"""
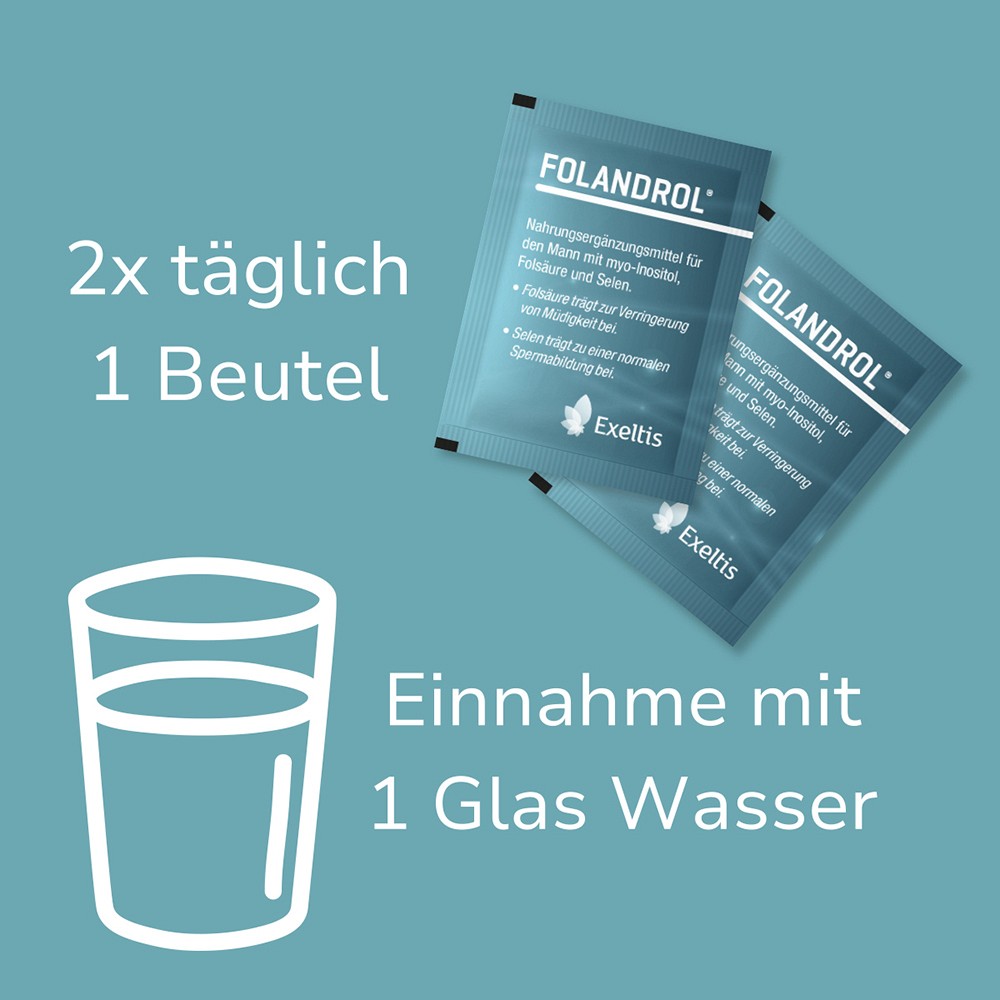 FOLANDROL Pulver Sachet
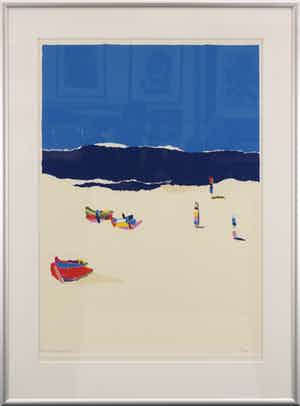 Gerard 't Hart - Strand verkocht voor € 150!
"""
"""
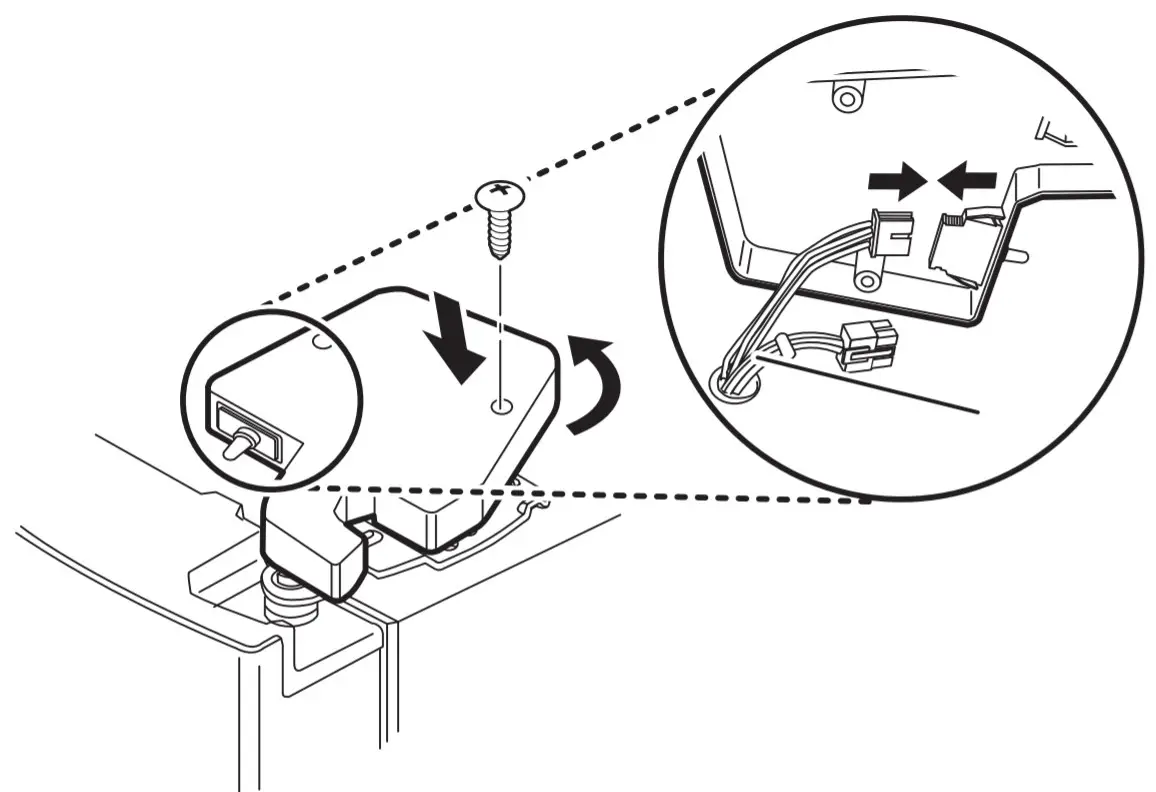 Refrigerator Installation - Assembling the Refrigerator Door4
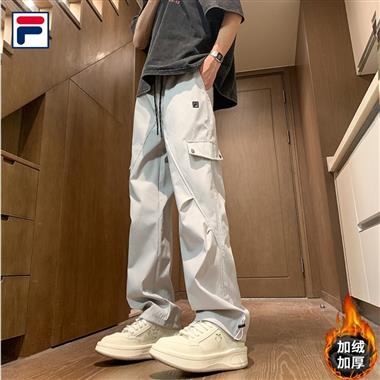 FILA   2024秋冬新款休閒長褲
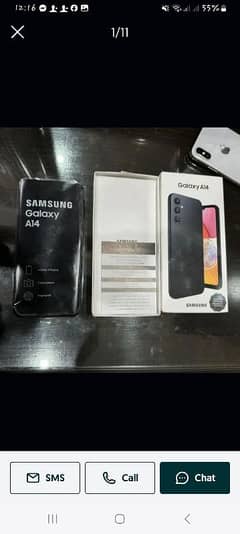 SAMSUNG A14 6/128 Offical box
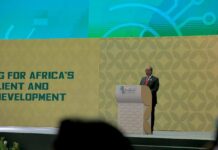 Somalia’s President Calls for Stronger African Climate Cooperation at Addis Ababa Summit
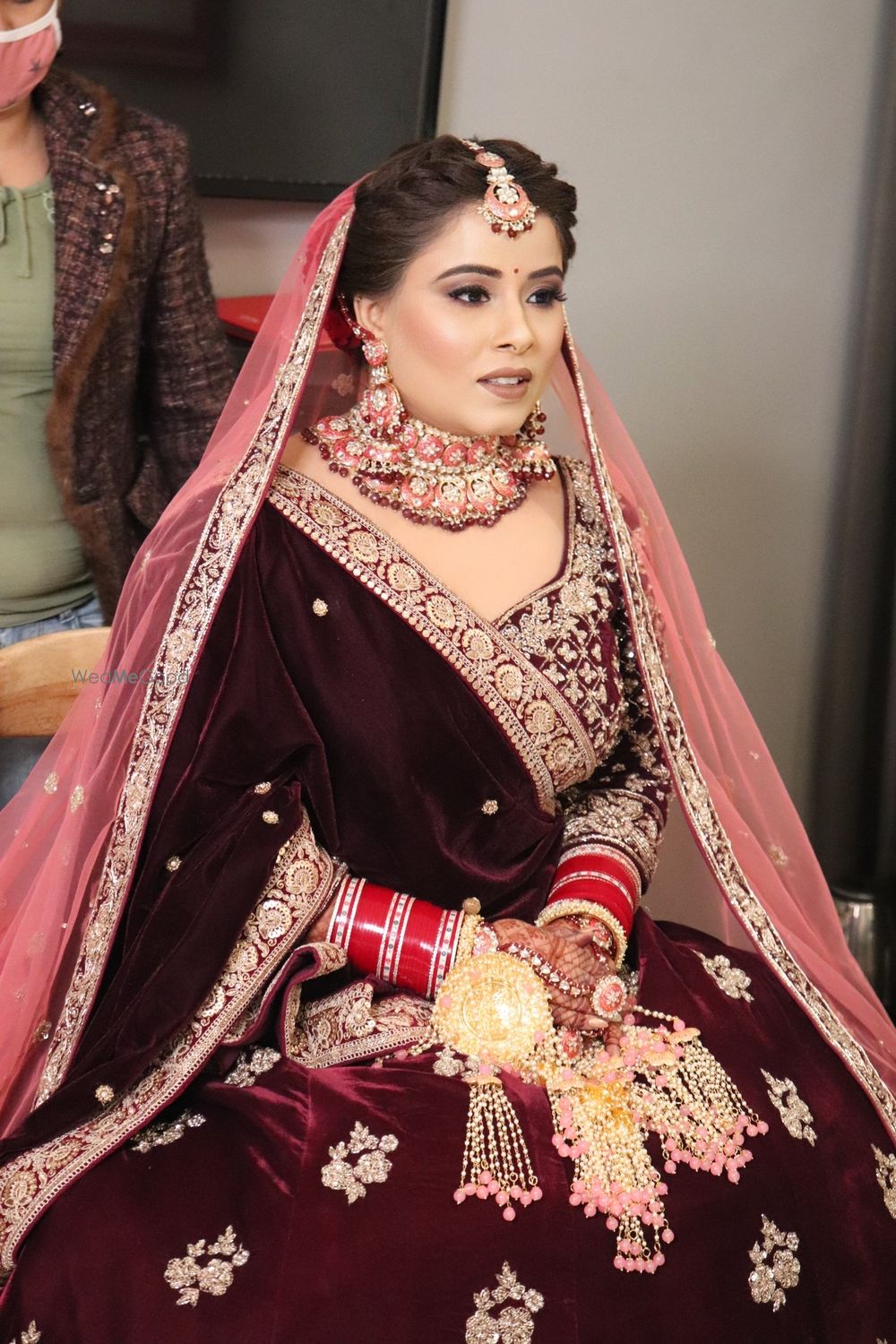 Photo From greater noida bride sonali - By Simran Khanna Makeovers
"""
"""
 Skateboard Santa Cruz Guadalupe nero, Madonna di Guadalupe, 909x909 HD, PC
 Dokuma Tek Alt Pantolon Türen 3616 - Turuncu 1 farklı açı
"""
- [EXERCISE OBJECTIVE]
Skipping the pictures, print the lines in the listing above exactly as written, starting at the line with "SAMSUNG A14 6/128 Offical box" and ending at the line with "Photo From greater", both included.

- [ANSWER SPACE]
 SAMSUNG A14 6/128 Offical box
 Somalia’s President Calls for Stronger African Climate Cooperation at Addis Ababa Summit
 Photo From greater noida bride sonali - By Simran Khanna Makeovers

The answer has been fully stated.